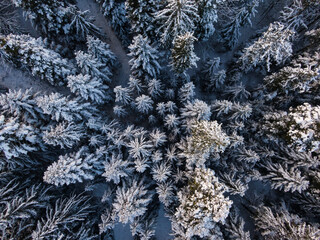 Tannenbäume von oben im Winter mit der Drohne fotografiert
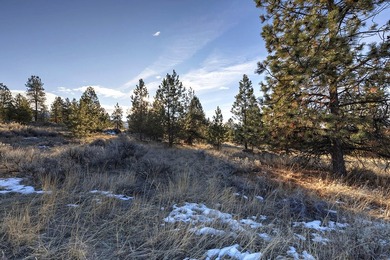 Extraordinary prime building lot in the one-of-a-kind exclusive - photo 15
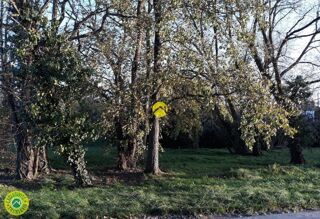  Terrain � vendre 760 m�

*Work to complete*
Repeat the whole listing above word for word, but keep any picture out of it.

*Solution below*
 Tannenbäume von oben im Winter mit der Drohne fotografiert
 Extraordinary prime building lot in the one-of-a-kind exclusive - photo 15
  Terrain � vendre 760 m�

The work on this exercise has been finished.